Einerseits und andererseits

Von Michael Hollenbach und Claudia von Laak |
Sie ziehen nach Osten - immer mehr Niederländer entdecken den deutschen Westen - die Grenzregion zwischen Ostfriesland und der Grafschaft Bad Bentheim. Allein in der Grafschaft wohnen mittlerweile rund 10.000 Holländer - die Hälfte aller dort lebenden Ausländer.
Zuwachsraten in den vergangenen Jahren - jährlich 20 Prozent. Offiziell heißt man die Neubürger aus dem Oranjestaat Willkommen, aber nicht überall stoßen die holländischen Mitbürger auf Begeisterung, wie Michael Hollenbach erfahren hat.

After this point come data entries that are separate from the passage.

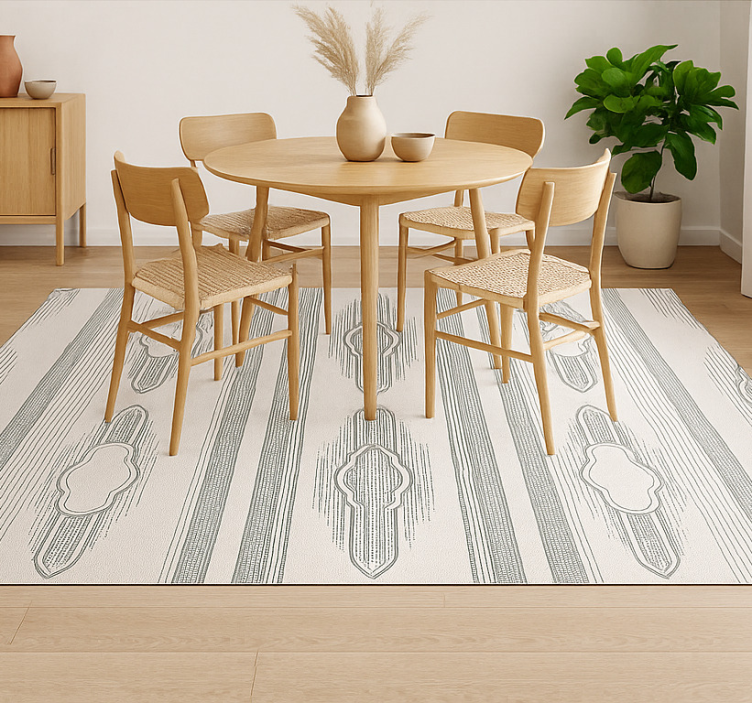 Intricate Ethnic Geometry dining room vinyl carpet - TenStickers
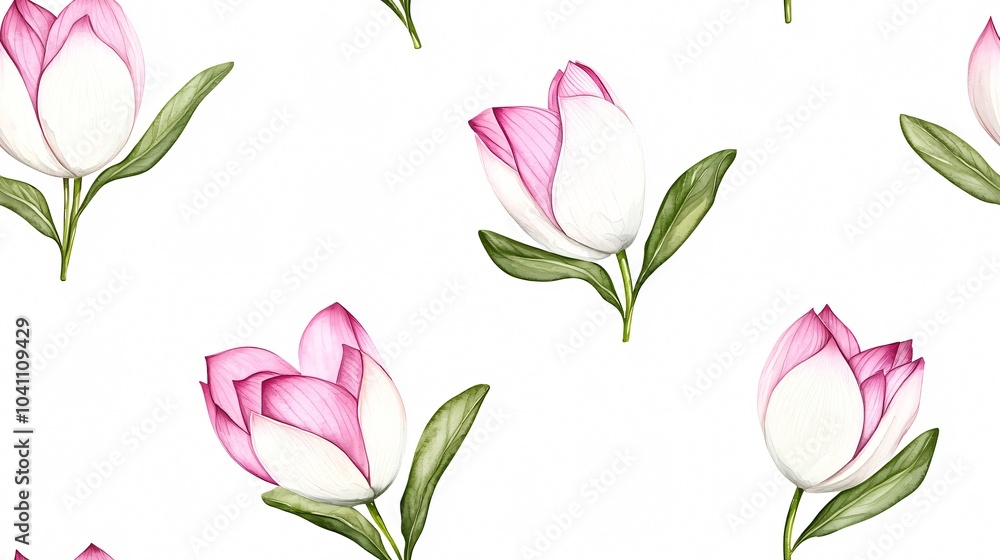 Fototapeta premium Delicate Floral Pattern Featuring Beautiful Pink and White Blossoms on a Clean Background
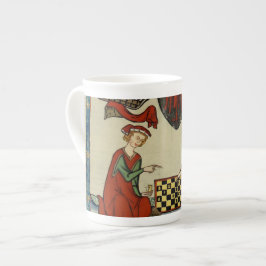 Codex Manesse Medieval Chess Players Bone Chin Mug Benporslin Mugg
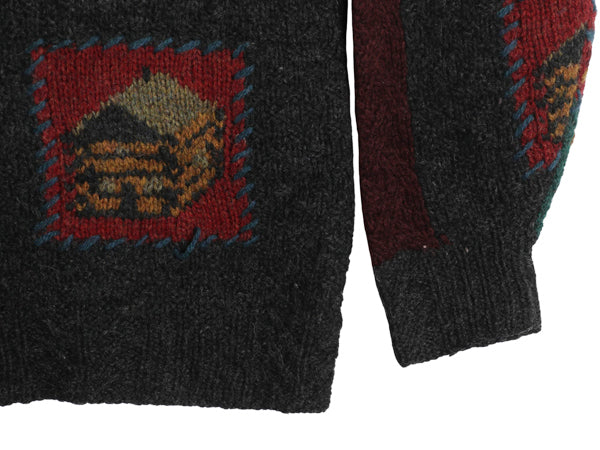 80s ウールリッチ デザイン ウール 二ット セーター レディース S ヴィンテージ 旧タグ 絵柄 パネル ハンドメイド 手編み 総柄 クレイジー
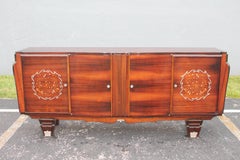 Französisches Art Deco Palisander-Buffet/ M-O-P Meerjungfrauen-Intarsien im Stil Jules Leleu, 1930er Jahre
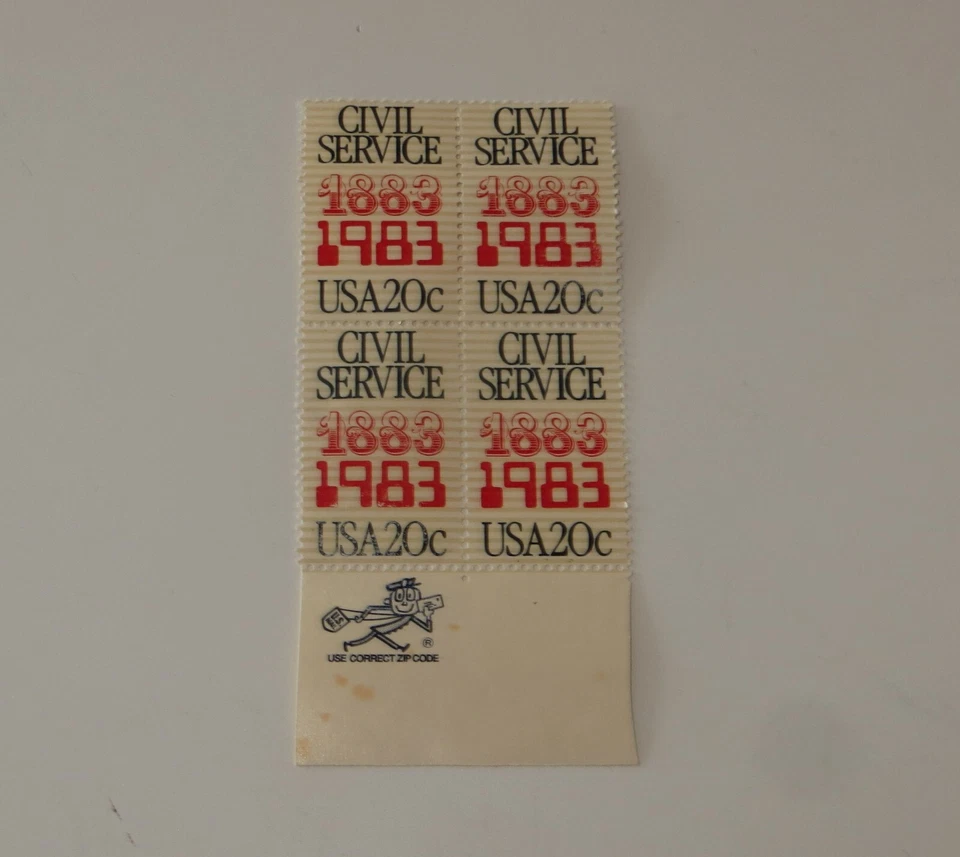 US 4 Block of stamps #2053 - 20 cents CIVIL SERVICE 1983 - Image 1 of 2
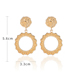 Fashion Elliptical Gold Wrinkled Geometric Earrings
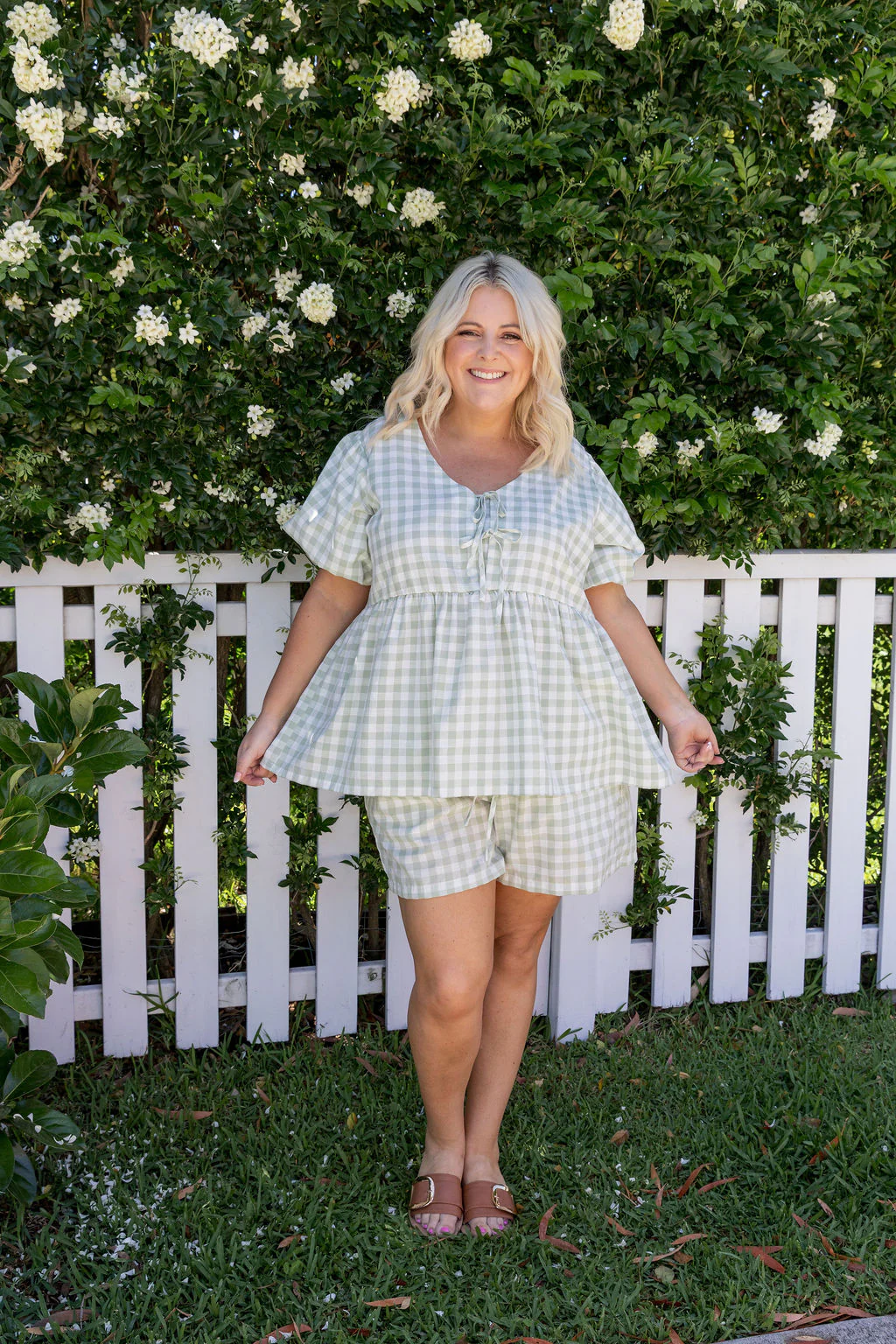 Birdie Top in Sage Gingham - Image 18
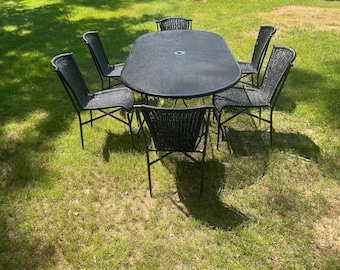 Beautiful Wrought Iron Patio Set Large Table And 6 Chairs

Am Anfang war das Geld, und das Geld kam vom Staat. Vor acht Jahren gewährte die niederländische Regierung auch den Bauherren eine steuerliche Entlastung, die im Ausland ihr Häuschen bauen wollten. Bert Schipper hat sofort zugeschlagen und ist 2001 ins niedersächsische Bad Bentheim gezogen:

"In Holland sind die Grundstücke sehr rar geworden und die Preise von Immobilien waren damals schon hoch, sind noch viel höher geworden, und ich wollte immer bauen, und das ging in Holland gar nicht, da muss man zehn Jahre irgendwo wohnen und eingeschrieben sein in einer Liste, und dann bekommt man vielleicht eine Chance auf ein Grundstück, und dann muss man noch mal zehn Jahre da bleiben, ohne Bußgeld zu bezahlen."

Denn in vielen Gemeinden müssen die Eigentümer einen Teil des Gewinns an die Kommune abführen, wenn sie innerhalb der ersten zehn Jahre ihr Haus wieder verkaufen – eine Abgabe, um - bei dem knappen Bauland in dem am dichtesten besiedelten Land Europas - Spekulationsgewinne zu verhindern.

"Den Begriff Baulücke kennt man in Holland gar nicht."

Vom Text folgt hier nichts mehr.